(Beginning of RECORDS FOR THE TASK)

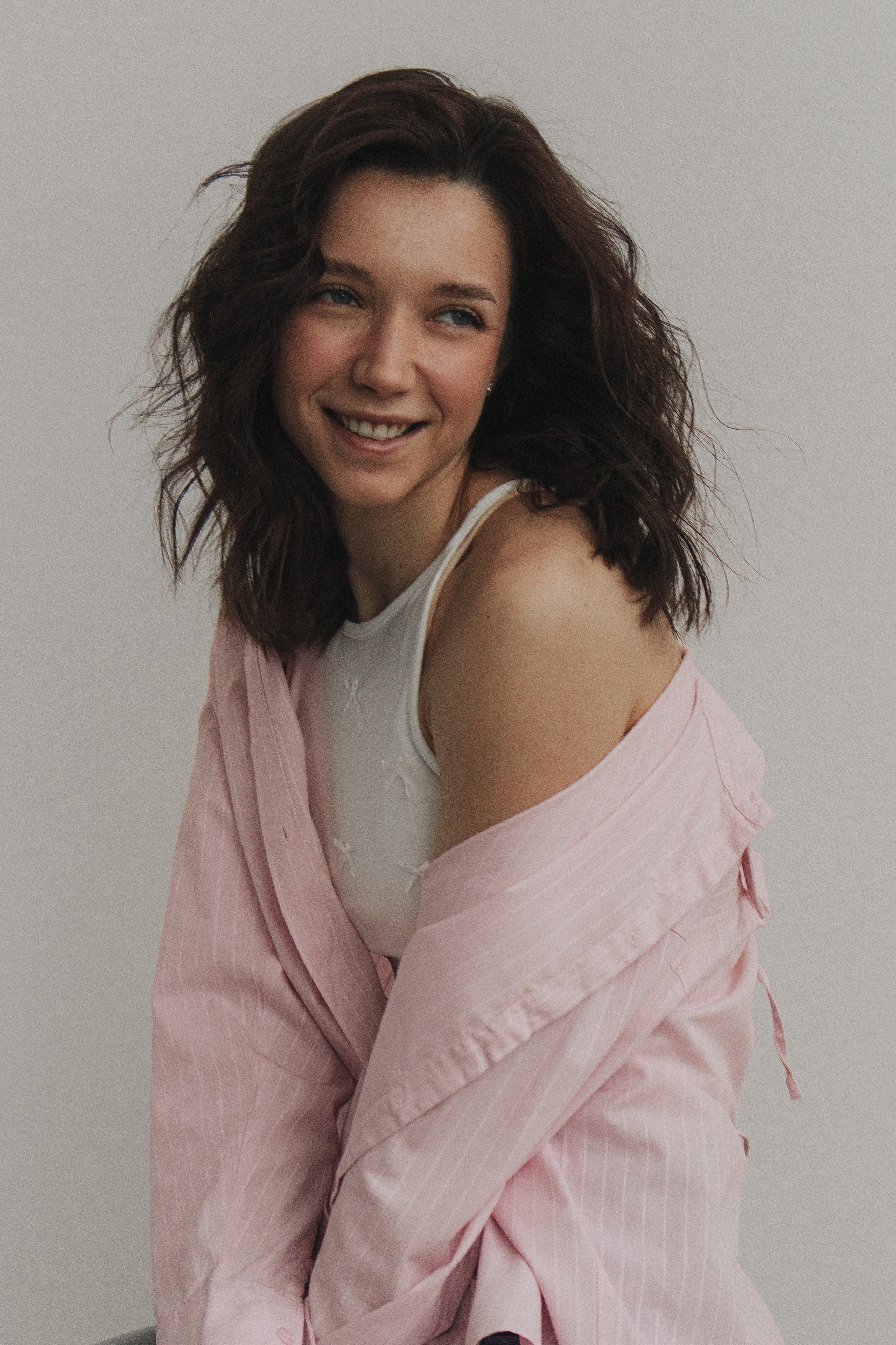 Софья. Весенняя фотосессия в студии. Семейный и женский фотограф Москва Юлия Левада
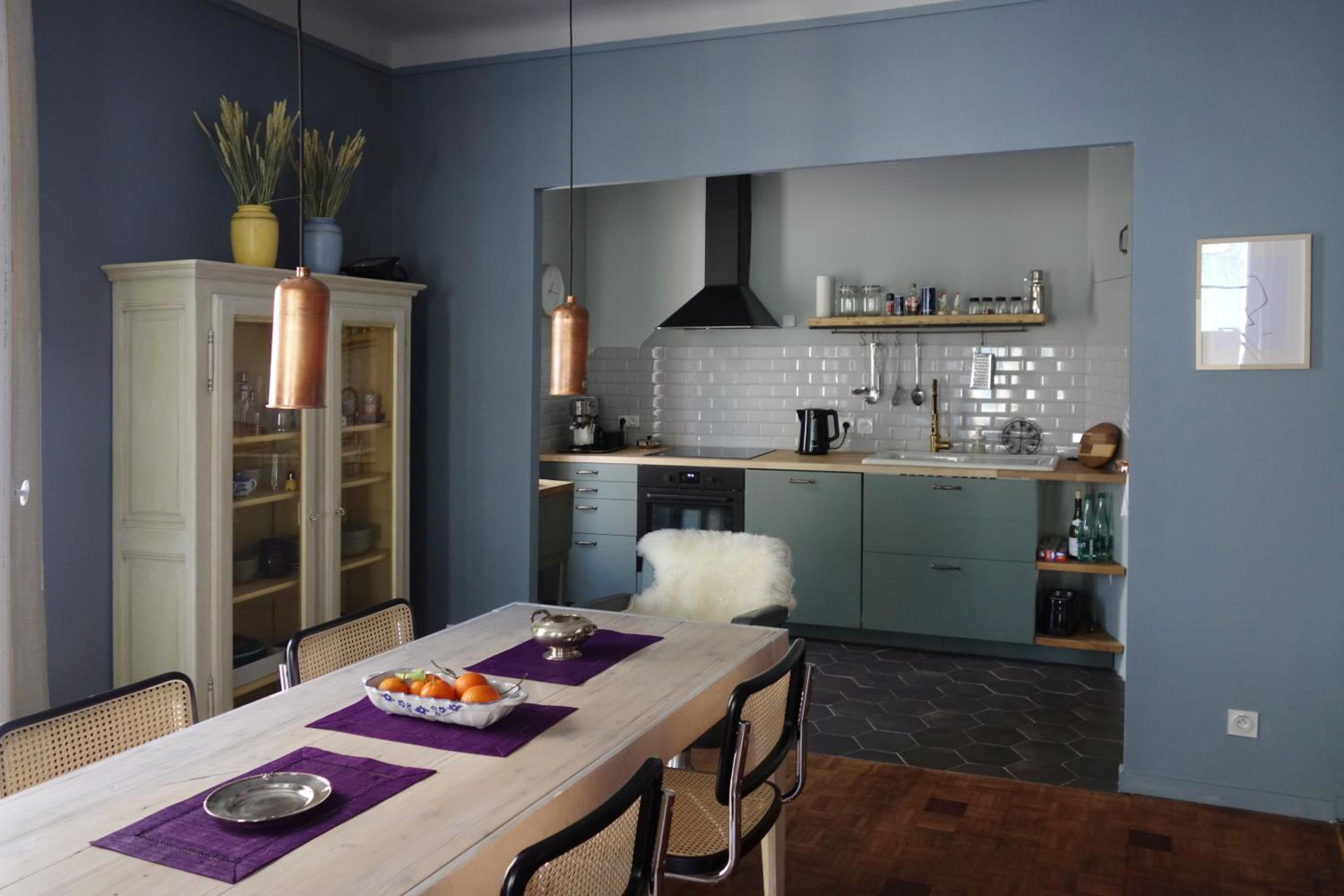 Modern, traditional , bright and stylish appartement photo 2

(End of RECORDS FOR THE TASK)
(Beginning of RECORDS FOR THE TASK)

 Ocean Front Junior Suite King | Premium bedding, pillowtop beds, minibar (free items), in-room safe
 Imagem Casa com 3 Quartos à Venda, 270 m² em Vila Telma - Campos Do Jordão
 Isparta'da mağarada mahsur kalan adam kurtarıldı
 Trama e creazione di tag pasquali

(End of RECORDS FOR THE TASK)
(Beginning of RECORDS FOR THE TASK)

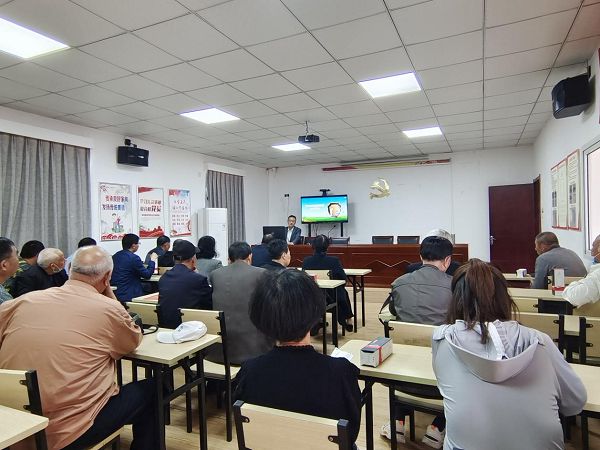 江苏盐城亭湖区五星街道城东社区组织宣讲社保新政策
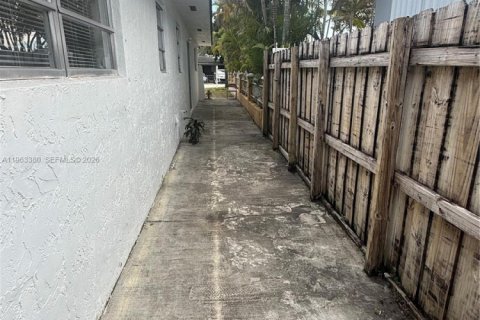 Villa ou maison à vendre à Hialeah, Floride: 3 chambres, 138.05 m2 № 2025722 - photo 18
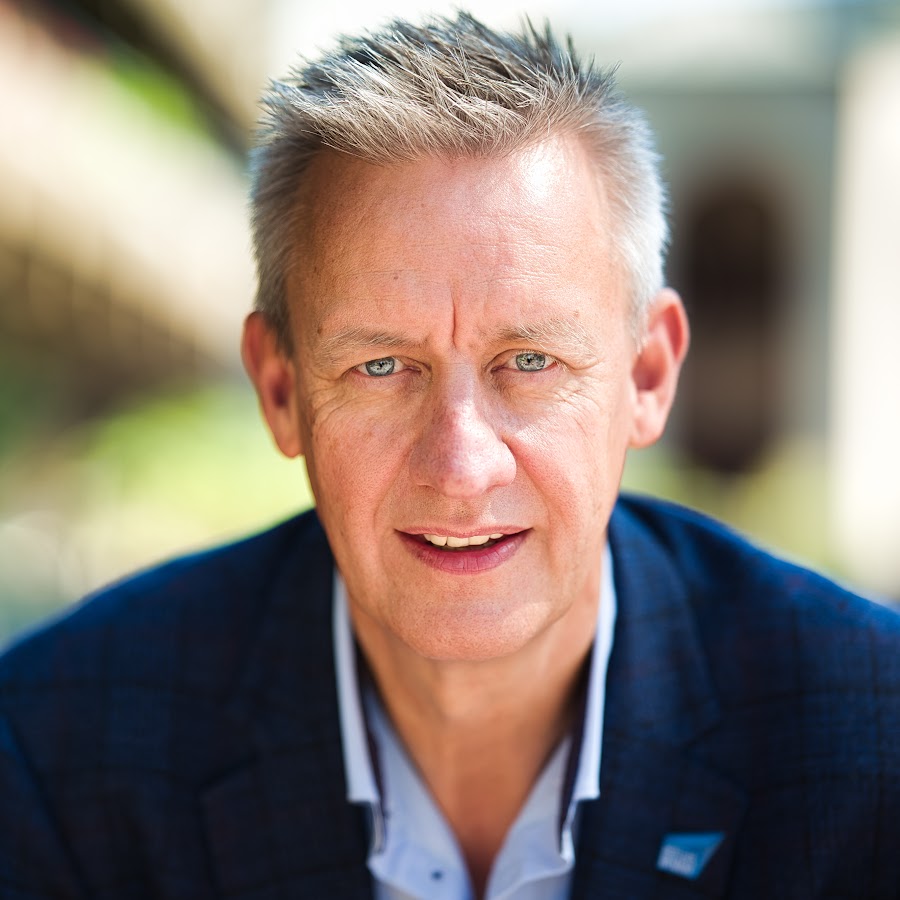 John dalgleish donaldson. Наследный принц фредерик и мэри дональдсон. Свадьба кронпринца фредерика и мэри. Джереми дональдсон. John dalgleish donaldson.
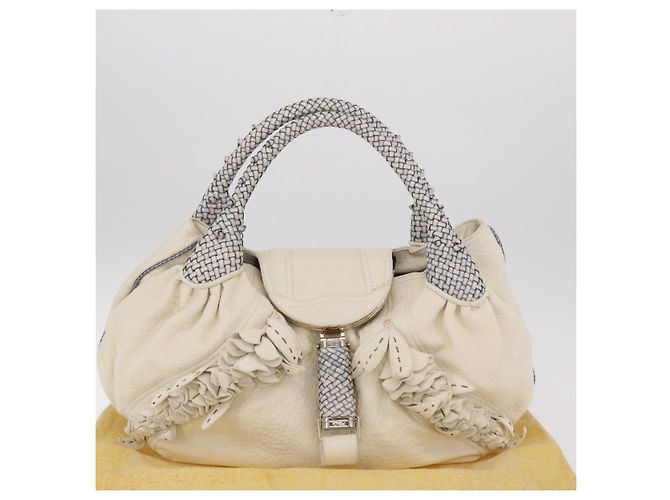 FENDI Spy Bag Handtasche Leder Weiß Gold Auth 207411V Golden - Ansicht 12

(End of RECORDS FOR THE TASK)

_TO DO_
With the pictures left out, write out exactly the lines above from the one containing "江苏盐城亭湖区五星街道城东社区组织宣讲社保新政策" through the one containing "FENDI Spy Bag".

_RESPONSE FOR THIS EXERCISE_
 江苏盐城亭湖区五星街道城东社区组织宣讲社保新政策
 Villa ou maison à vendre à Hialeah, Floride: 3 chambres, 138.05 m2 № 2025722 - photo 18
 John dalgleish donaldson. Наследный принц фредерик и мэри дональдсон. Свадьба кронпринца фредерика и мэри. Джереми дональдсон. John dalgleish donaldson.
 FENDI Spy Bag Handtasche Leder Weiß Gold Auth 207411V Golden - Ansicht 12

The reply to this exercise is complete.